Disasters, Climate Extremes and Human Predicament in Himalayan Mountain State of Himachal Pradesh With Special Reference to Kullu Valley, IndiaWednesday 26 May, 2021 – Wednesday 26 May, 2021
1:00 PM – 3:00 PM
Part of the Hazard, Risk and Disaster (HRD) Research Lecture Series 2020-21.
Revered as ‘Abode of Gods & Goddesses’ Himalayan mountains have always fascinated human desire and imaginations. Known for its majestic hills, rivers, valleys, forests and highland pastures the enchanting landscape of Himachal Pradesh offers an experience to a diverse array of indigenous cultures.
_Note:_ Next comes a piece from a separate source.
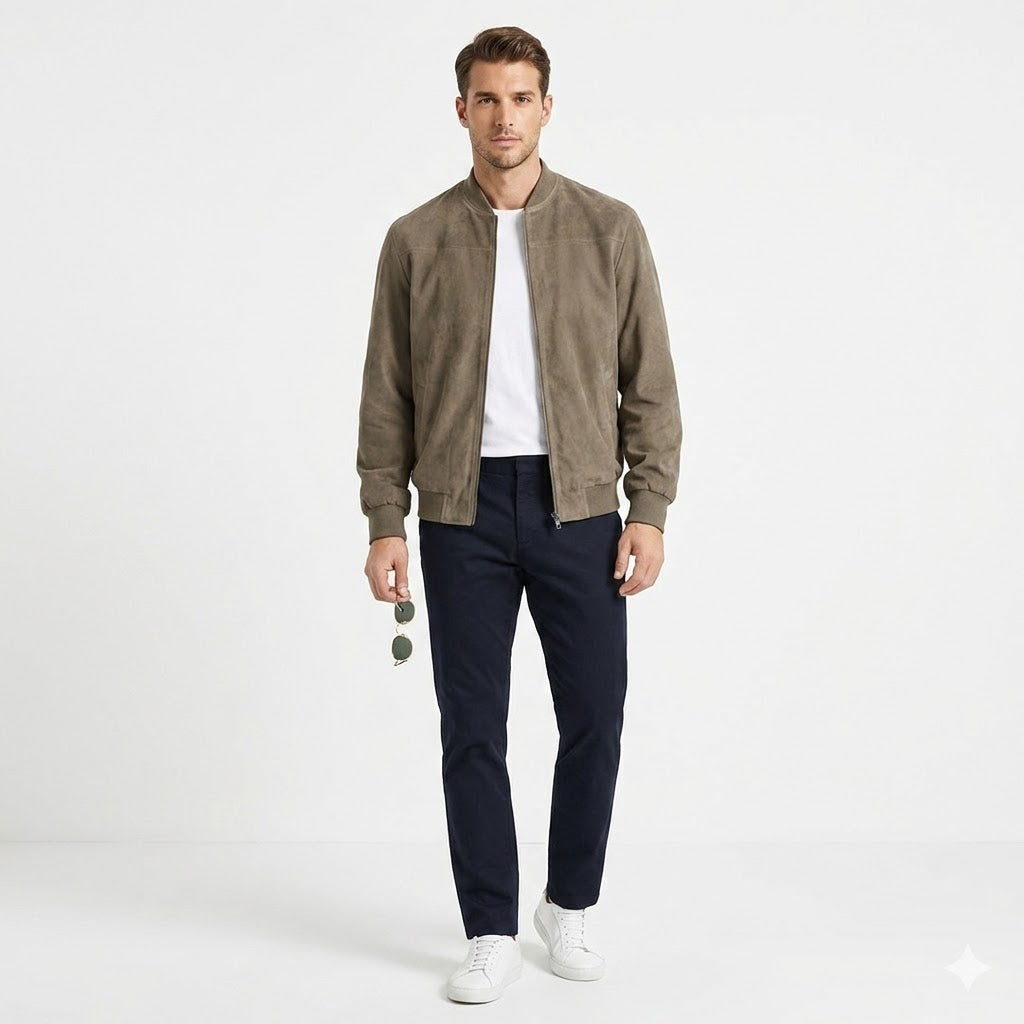 Men’s Suede-Touch Bomber Jacket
As a source of perennial rivers and glaciers, conducive climate for horticulture, storehouse of flora and fauna; fascinating landscapes and indigenous culture, aesthetic magnetism, potential for tourism and hydropower, these mountains have been the testing ground for developmental and commercial experiments.
These ventures undoubtedly brought economic prosperity to the state resulting in rapid growth of human population and intensification of human activities. Himachal Pradesh, especially the Kullu valley embodies economic possibilities that mountains can offer to improve life and livelihood of local people. On the other side, this valley also represents a perfect example of a coupled human-environment system where economic development has amplified human vulnerability to natural processes. It appears that with an established history of multiple disasters, risk in this valley stems from human induced landscape changes. The result is a less resilient society and more vulnerable people.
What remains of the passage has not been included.